▶ [Task instructions]: Return the material below exactly, but only from the line with "Stegplatten aus Kunststoff" through the line with "Ford Mustang Gt Coupe 4.6 V8 305", and without its pictures.

▶ [Exercise inputs]:
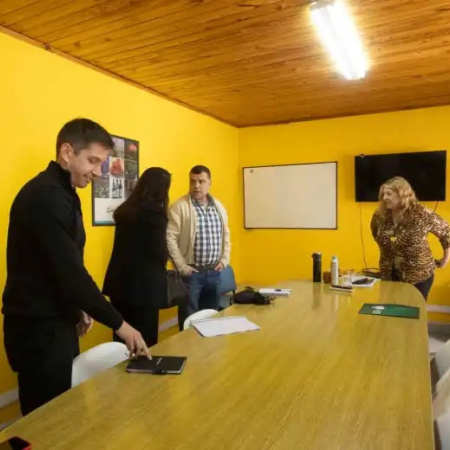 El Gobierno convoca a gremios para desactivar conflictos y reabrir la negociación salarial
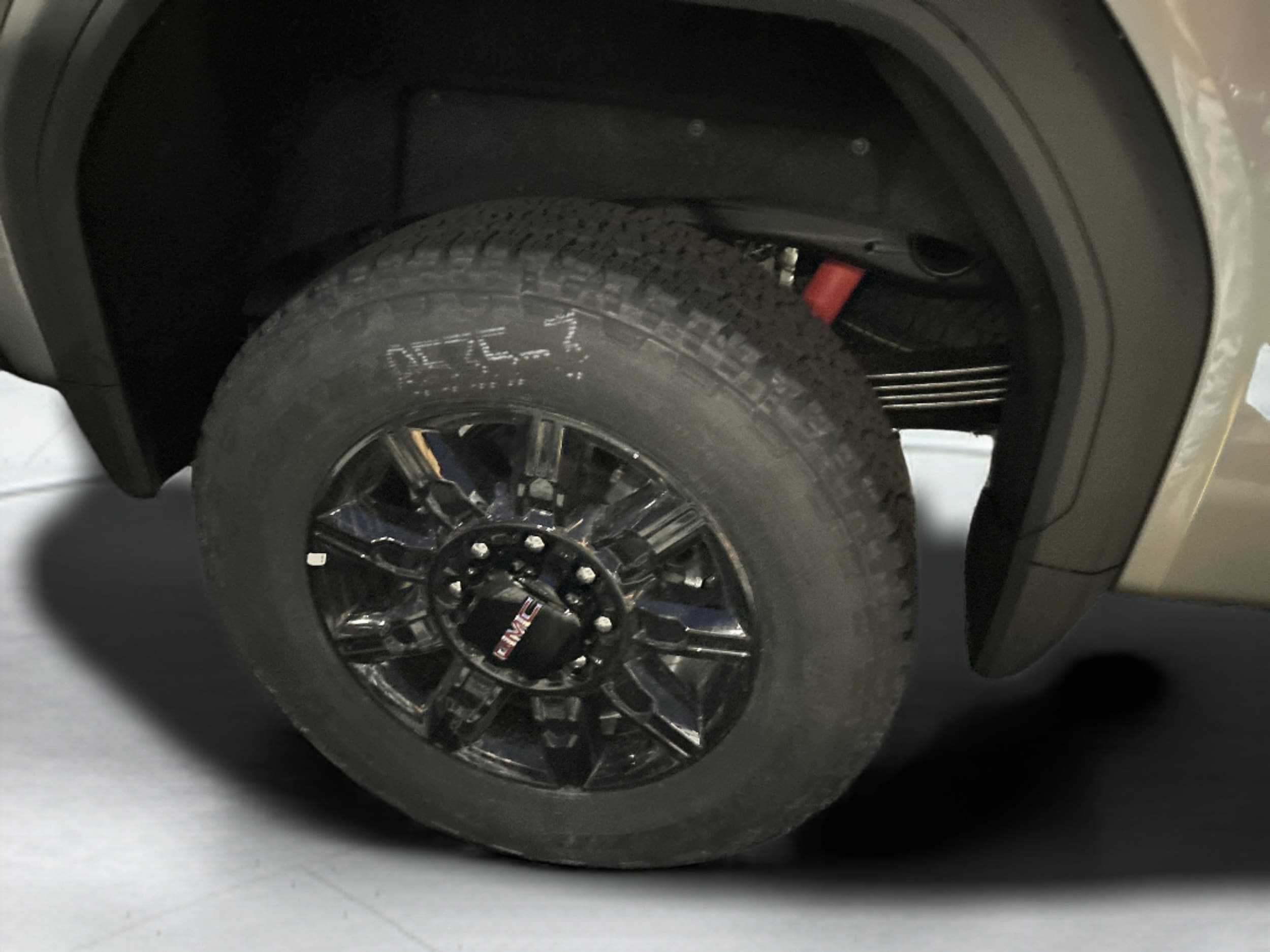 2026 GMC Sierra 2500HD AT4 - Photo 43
...
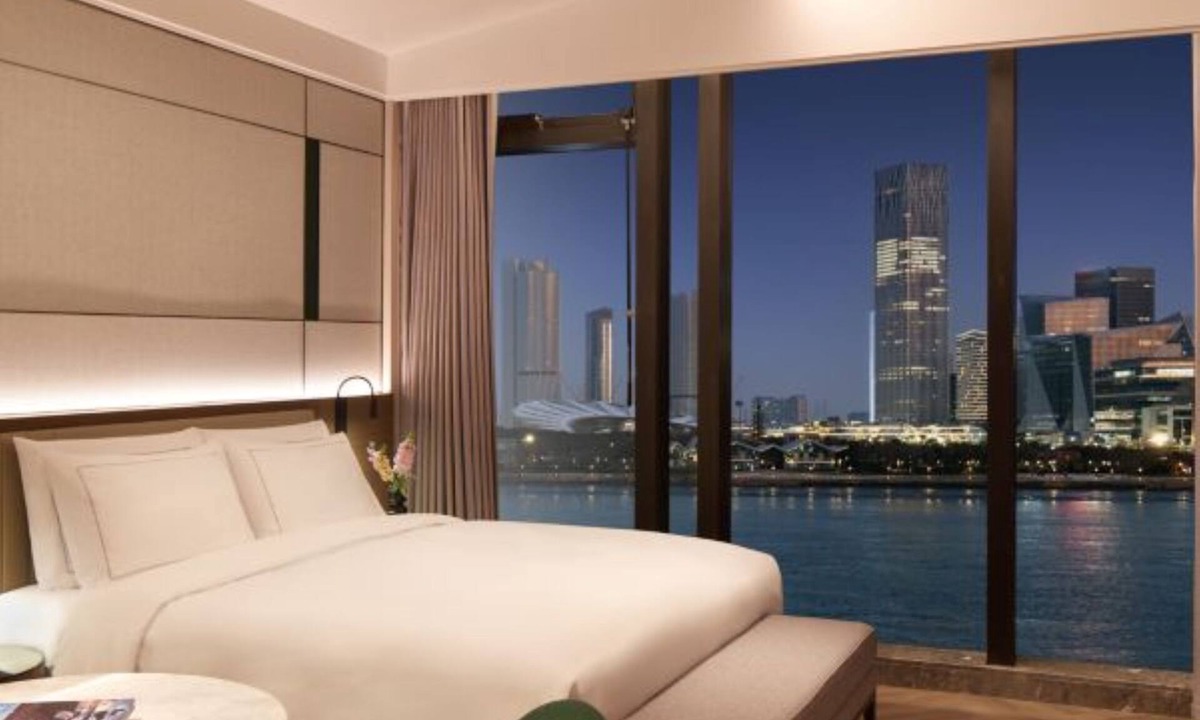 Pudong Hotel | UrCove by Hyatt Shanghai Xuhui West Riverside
--
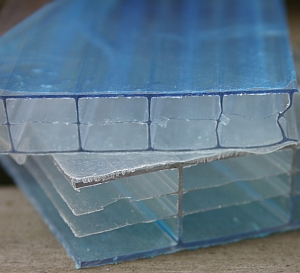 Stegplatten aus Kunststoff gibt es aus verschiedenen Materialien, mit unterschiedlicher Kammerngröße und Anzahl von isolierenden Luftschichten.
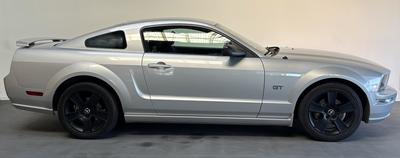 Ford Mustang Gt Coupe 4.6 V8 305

▶ [Task answer]:
 Stegplatten aus Kunststoff gibt es aus verschiedenen Materialien, mit unterschiedlicher Kammerngröße und Anzahl von isolierenden Luftschichten.
 Ford Mustang Gt Coupe 4.6 V8 305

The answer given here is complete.